When she came out, she looked as pale and as bleak as one that were laid out dead.—Foxe, Book of Martyrs; The Escape of Agnes Wardall.

And as I looked forth, I beheld a pale horse, whom I took for the universal synagogue of hypocrites, pale as men without health, and bleak as men without that fresh spirit of life which is in Christ Jesus.—Bale, The Image of Both Churches, P. S. p. 321.

Blunderbuss. In the 17th and 18th centuries a man who blunders in his work, does it in a boisterous violent way; transferred from the name given to a short, wide-mouthed, noisy gun. [This word for a gun is due to the Dutch donderbus, i.e. thunder-gun, perverted in form from sense association with blunder, perhaps with allusion to its random, casual firing.]

We could now wish we had a discreet and intelligent adversary, and not such a hare-brained blunderbuss as you, to deal with.—Milton, A Defence of the People of England, Preface.

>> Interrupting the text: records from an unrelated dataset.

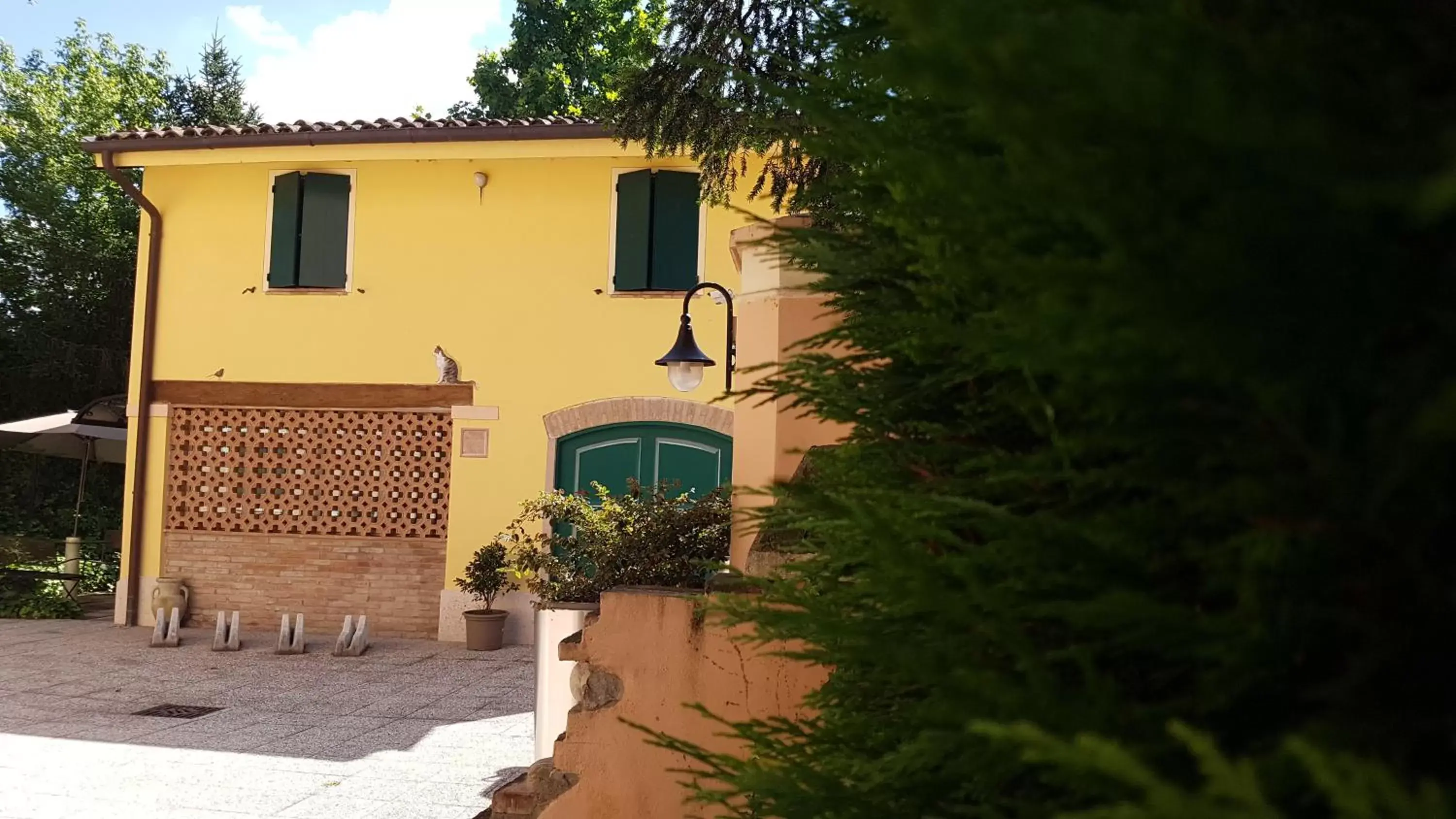 Property Building in La Corte Dei Sogni B&B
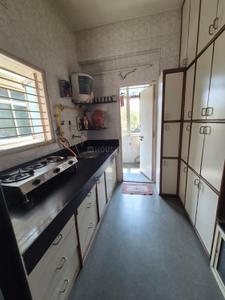 Kitchen Image of 855 Sq.ft 2 BHK Apartment / Flat for sale in Gurukul Ahmedabad for Rs. 7000000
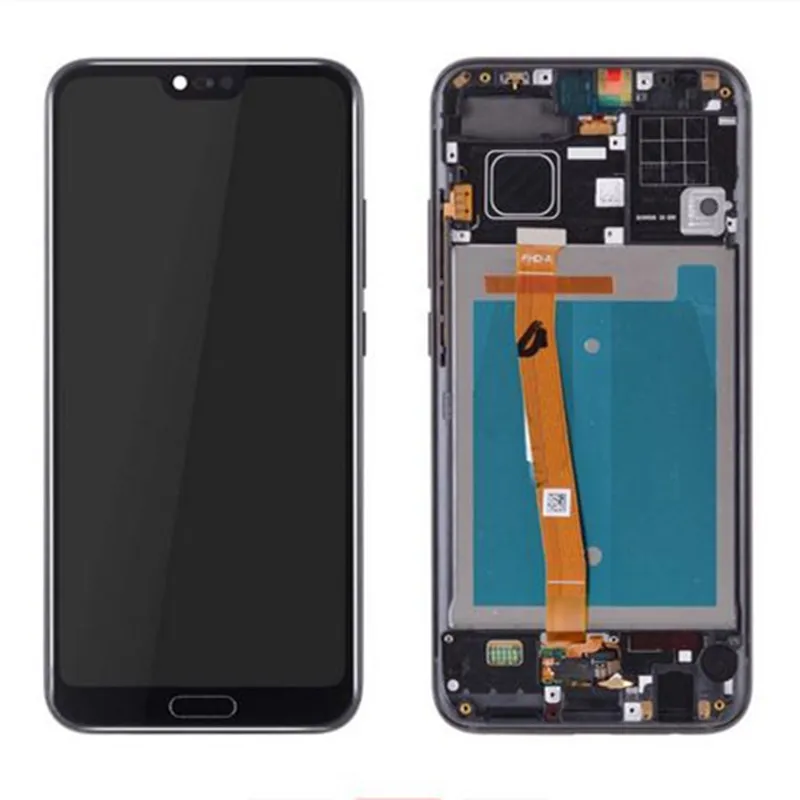 Для Huawei Honor 10 LCD COL-AL10 дисплей сенсорный экран дигитайзер в сборе Замена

Jacob, the scourge of grammar, mark with awe,

Nor less revere him, blunderbuss of law.

Pope, Dunciad, b. iii. 150.

Boistous, }
Boisterous.

The sense of noisy, turbulent, blustering, is a later superaddition on ‘boisterous,’ or ‘boistous,’ as was its earlier form. Of old it meant no more than rude, rough, strong, uncompliant; thus the ‘boisterous wind’ of Matt. xiv. 30, is simply a violent wind, ἄνεμος ἰσχυρός in the original.

No man putteth a clout of buystous clothe [panni rudis, Vulg.] into an elde clothing.—Matt. ix. 16. Wiclif.